EmoConv Diff

Paper by Navin, based on

This model is a Emotional Voice Conversion (EVC). Very similar to In-the-wild SEC, its designed to be trained on non-parallel data (Parallel and Non-parallel Training Data), based on the Russell's Circumplex Model. It tries to improve on the more extreme values of arousal.

The model outperforms In-the-wild SEC for high arousal states, but not quiet as well on low arousal.

Idea¶

Pasted image 20240915153030.png

Disentanglement is achieved, like in In-the-wild SEC, using three encoders and a diffusion decoder.

Encoder¶

Phoneme Encoder Extracts the speaker- and emotion-independent mel-features (average voice) using a pretrained transformer, adopted from @wuUncoveringDisentanglementCapability2023.

Speaker Encoder Uses a pretrained speaker verification model, also adopted from @wuUncoveringDisentanglementCapability2023, that outputs a speaker-specific embedding called d-vector.
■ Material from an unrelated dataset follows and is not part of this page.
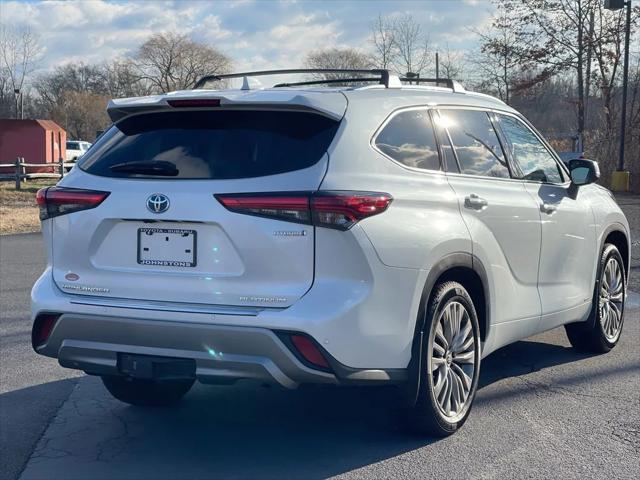 used 2022 Toyota Highlander Hybrid car, priced at $43,985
Emotion Encoder The emotion is encoded using a pretrained [[Self-supervised Learning (SSL)]] Speech Emotion Recognition (SER) model, based @wagnerDawnTransformerEra2023.

Decoder¶

The decoder then is a diffusion model as in Grad-TTS. In contrast to the usual approach of using a Gaussian prior distribution, EmoConv diffuses forward towards the average voice distribution as encoded by the Phoneme Encoder and then learns the Diffusion Model#Reverse Trajectory from the average voice towards the source distribution. This way, the model learns to add back emotion and speaker information into the utterance.

The reverse-time diffusion model is thus defined as

\[ s_{\theta}(X_{t},Y,S(X_{0}),E(X_{0}),t) \]

where

\(X_{t}\) is the noise sample for time-step \(t\)
\(Y\) is the average voice sample from the prior distribution
\(S(X_{0})\) is the speaker embedding for the source sample
\(E(X_{0})\) is the emotion embedding for the source sample
\(t\) is the current time-step The model outputs the gradient of the log-probability density \(\nabla_{X_{t}}\log p_{t}(X_{t}|Y)\) (score function of Score-Based Diffusion Model) and uses the U-Net architecture as in Grad-TTS.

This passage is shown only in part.